También ha demostrado su compromiso aportando a la vaquita para la vuelta a Boedo (más discretamente, el actor suele financiar emprendimientos artísticos más vocacionales que rentables) y mostrando su cara híper famosa en la cancha cada vez que pisa tierra porteña.
Hierático y reticente al show off que distingue a las estrellas del cine, Viggo se da este permiso extravagante, que casi todos toman como un rasgo folclórico. El tic de una celebridad que goza por tal condición de luz verde para comportarse como un fanático full time en cualquier parte.

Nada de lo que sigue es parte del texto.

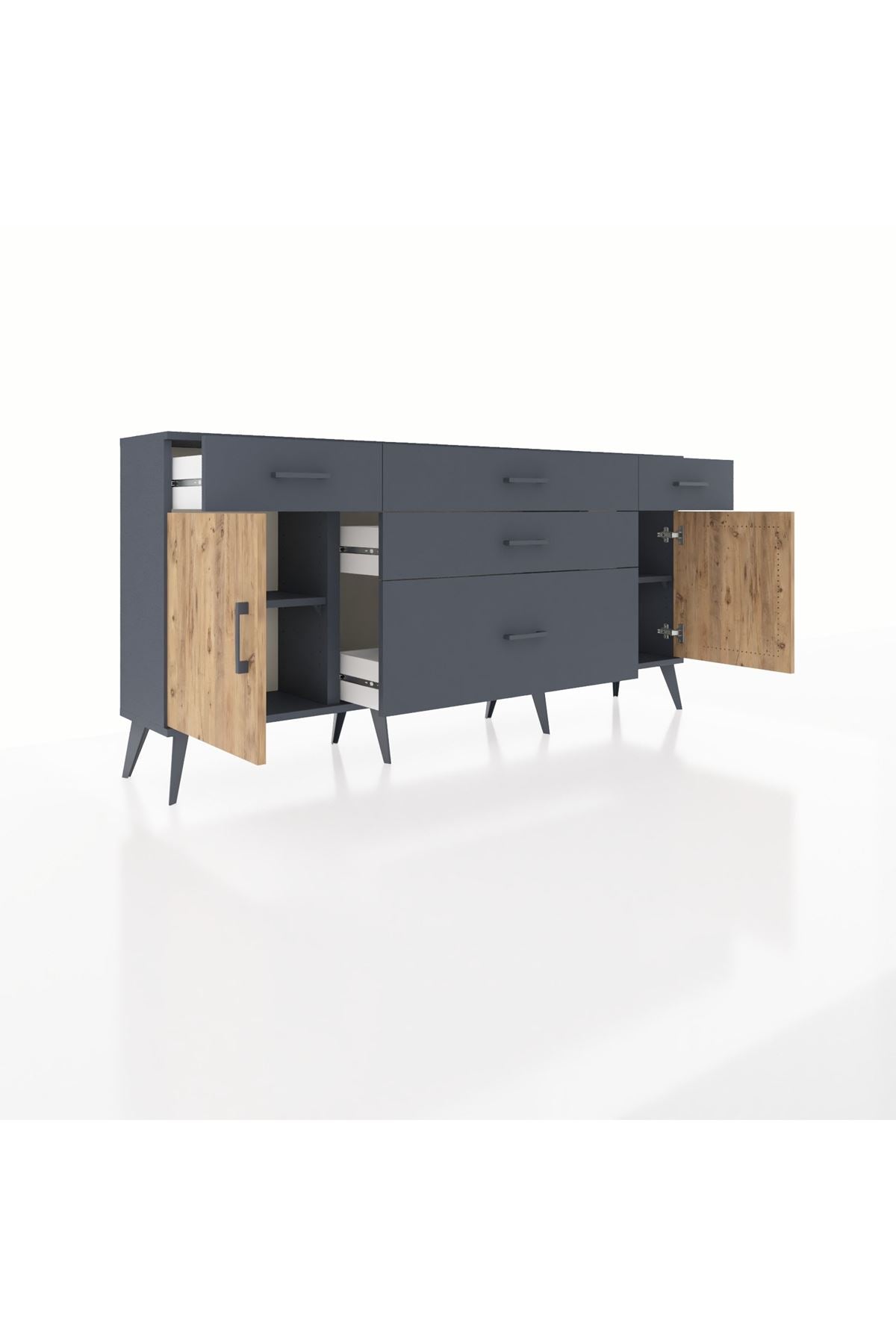 Arges Konsol 2 Raflı 5 Çekmeceli 2 Kapaklı 176x30x83 - S148M017V11A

En la última entrega de los Oscar lo hizo de nuevo. En medio del diálogo con un periodista local, en el prólogo de la ceremonia, desenfundó un escudito del Casla (jamás sale sin el cotillón, sería como salir sin las llaves de la casa) y dijo didáctico a la cámara: “San Lorenzo de Almagro, de Boedo, Argentina”. Metió tres locaciones en siete palabras, pero no creo que el público yanqui haya reparado en el abuso. “Vamos a ser campeones”, agregó enseguida.
Quizá por el entorno –la alfombra roja de Hollywood, el caldo frívolo y mercantilista del espectáculo en su versión más concentrada–, por primera vez me pareció que en esa gestualidad exagerada de Mortensen hay un sentimiento arraigado, una valoración del club de sus amores que pocos hinchas –no solo de San Lorenzo– podrían afirmar que comparten.

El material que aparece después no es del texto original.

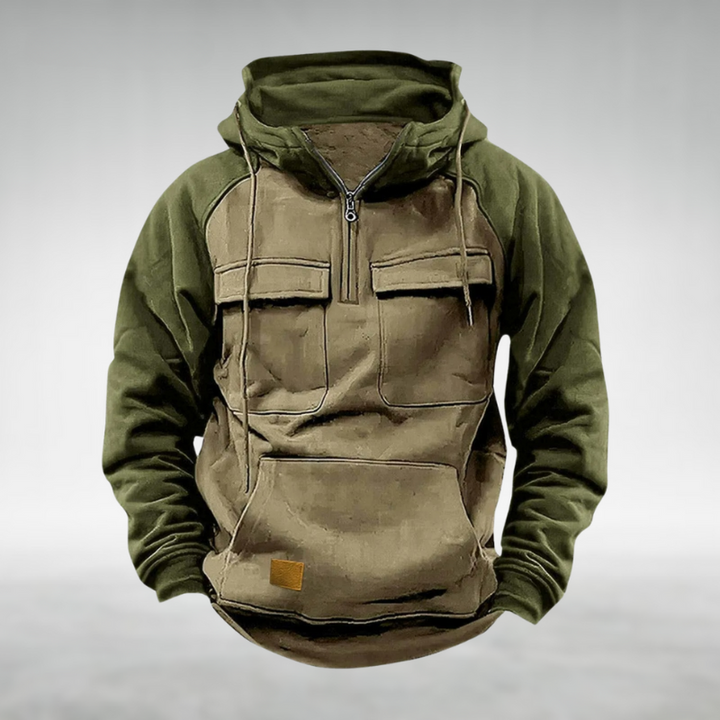 Outdoor gear for men: a stylish and functional winter hooded sweatshirt.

Quien haya visto actuar a Viggo (en Una historia violenta o en La carretera, digo dos al azar, siempre su interpretación es memorable, conmovedora en su economía de recursos, su austeridad de siempre), ha comprobado que el set es, literalmente, su espacio vital en el que sus personajes (él mismo multiplicado) se acoplan con fluidez. El espectador cree que allí no hay representación sino una realidad más intensa y estimable debido a que se trata de un relato creado por la cámara. Una ficción elaborada por artistas, algo genuino y confiable, a diferencia de ese mundo de apariencias mal llevadas que existe del otro lado de la lente.
Mi teoría –tan reciente como la entrega de los Oscar– es la siguiente: cuando Viggo no está en las películas, le falta al aire. No entiende –y sufre– esa fantasmal galería en la que ocurre la vida cotidiana. En especial, el gueto de las estrellas y sus sonrisas perladas, donde le ha tocado en suerte prodigar sus talentos. Entonces aparece San Lorenzo. Y el banderín, la camiseta o el escudo ofician de talismanes, herramientas con las que contrarrestar la inconsistencia de su lugar público. Su ser famoso. San Lorenzo, parece decirnos Viggo con su maníaca y solitaria campaña alrededor del planeta, es lo real. Ganar, perder, salir campeones o últimos, jugar la Copa o mudarnos de cancha son variables que sí merecen atención y desvelos. Ese amor desesperado –ese amour fou, como los del cine– le salva la vida. Le da quizá su principal sentido.